*** Begin section ***

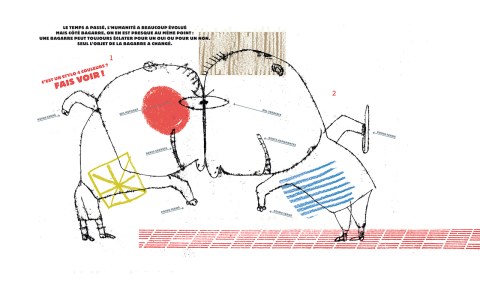 Moi aussi tout le monde veut me piquer mon Bic 4 couleurs.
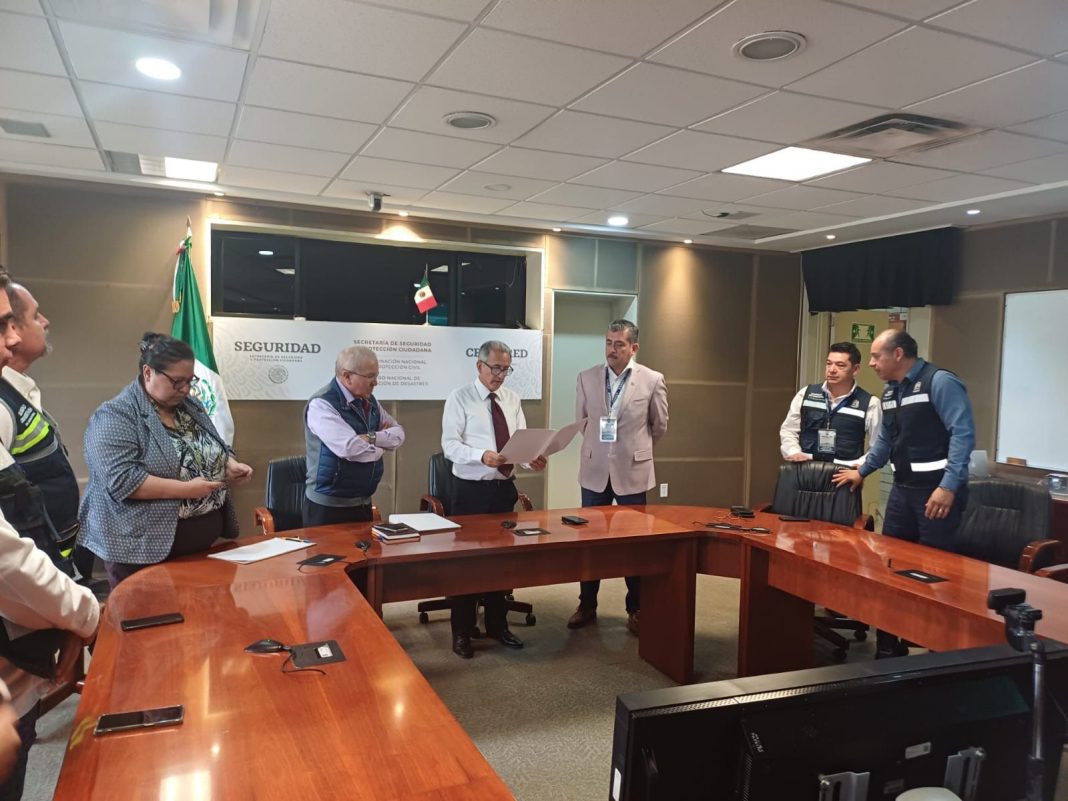 CENAPRED capacita a personal de la UASLP y fortalece cultura de protección civil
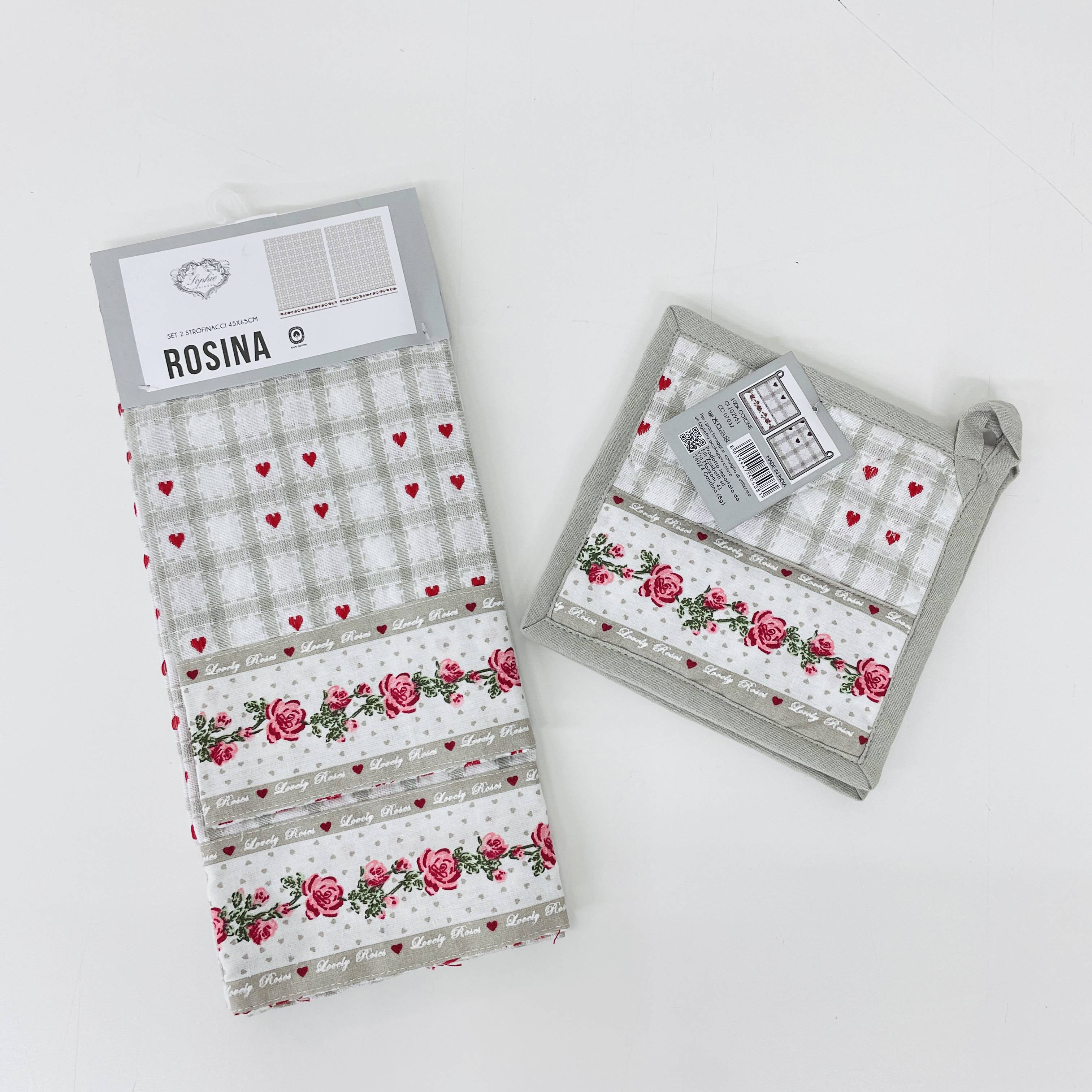 Coppia presine linea rosina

*** End section ***

ABOUT THIS TASK:
Write out each line of the data exactly; the images should be left out.

SOLVED PROBLEM:
 Moi aussi tout le monde veut me piquer mon Bic 4 couleurs.
 CENAPRED capacita a personal de la UASLP y fortalece cultura de protección civil
 Coppia presine linea rosina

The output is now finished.